* TASK INPUT:
----

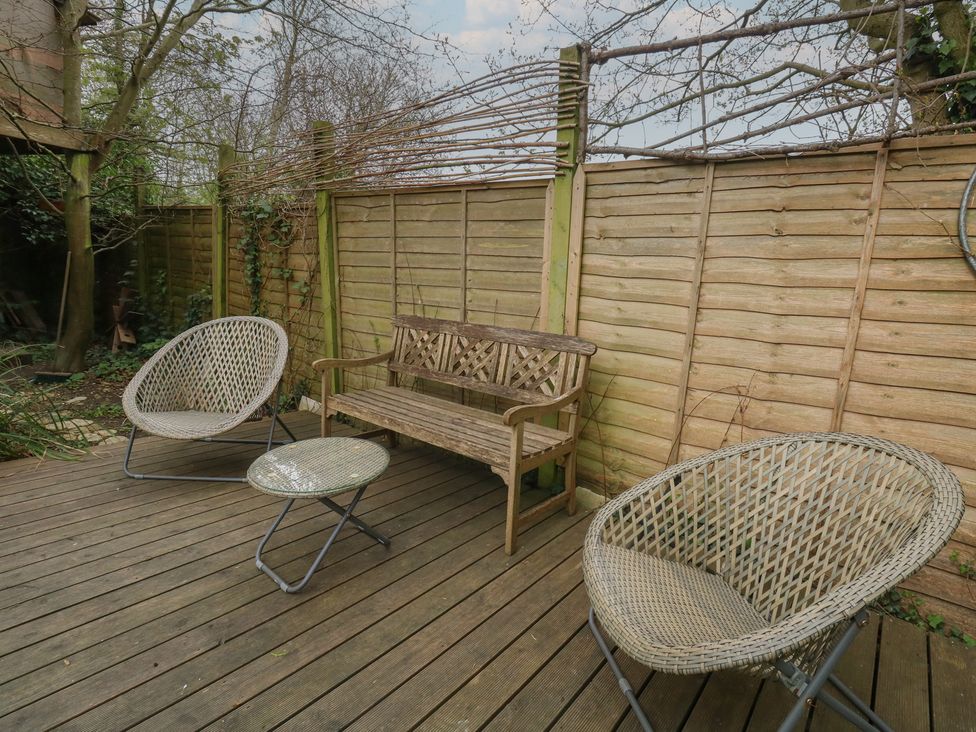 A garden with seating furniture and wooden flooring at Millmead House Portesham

----

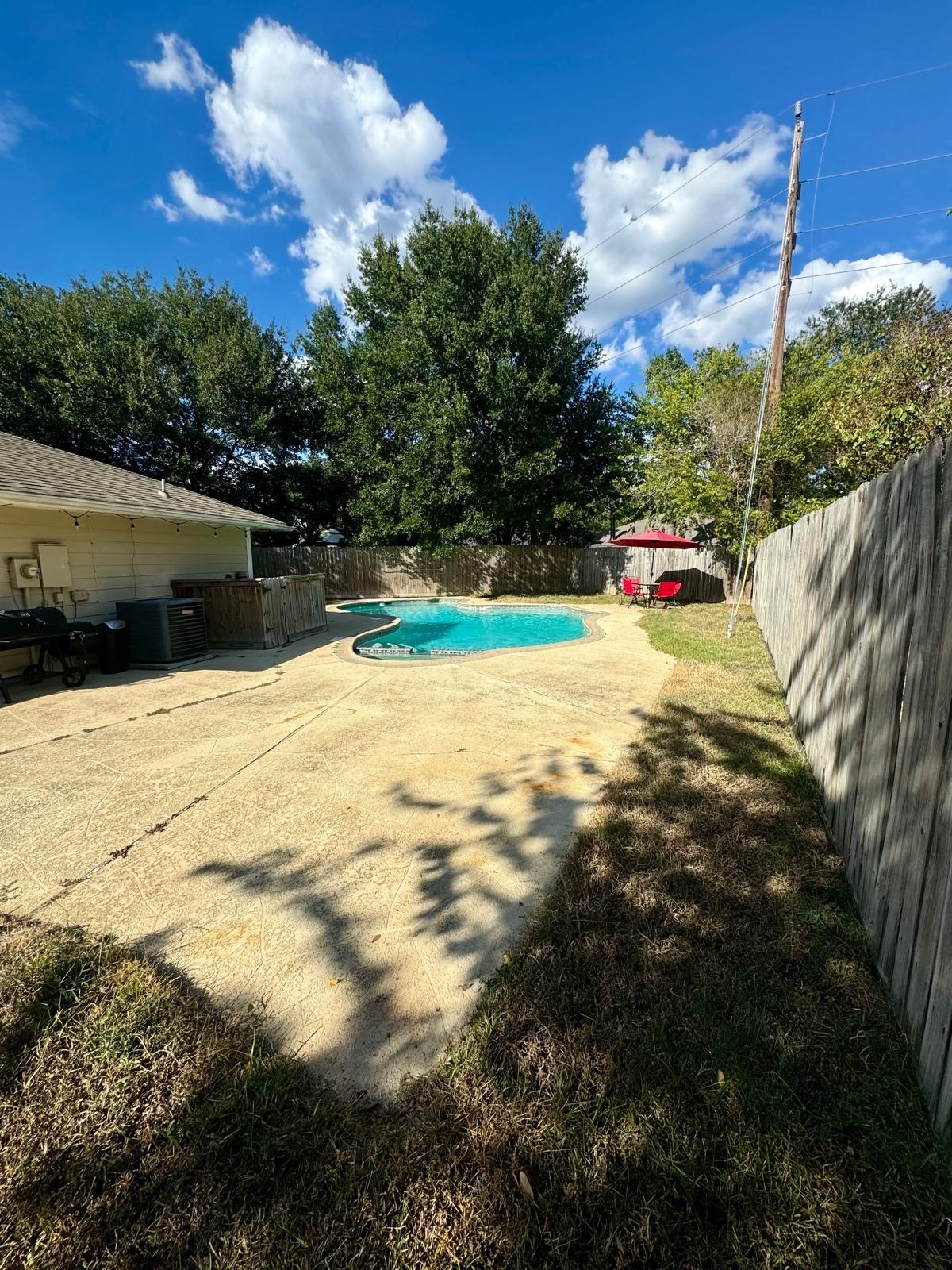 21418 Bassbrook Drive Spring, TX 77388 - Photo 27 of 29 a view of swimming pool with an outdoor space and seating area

----

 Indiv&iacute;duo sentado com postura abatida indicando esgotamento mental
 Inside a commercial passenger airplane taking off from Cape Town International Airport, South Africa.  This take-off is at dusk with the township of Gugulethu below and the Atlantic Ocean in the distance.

----

Everything above from the line containing "Indiv&iacute;duo sentado com" down to the line containing "Inside a commercial" should be copied exactly, both end lines included, and nothing else.

 Indiv&iacute;duo sentado com postura abatida indicando esgotamento mental
 Inside a commercial passenger airplane taking off from Cape Town International Airport, South Africa.  This take-off is at dusk with the township of Gugulethu below and the Atlantic Ocean in the distance.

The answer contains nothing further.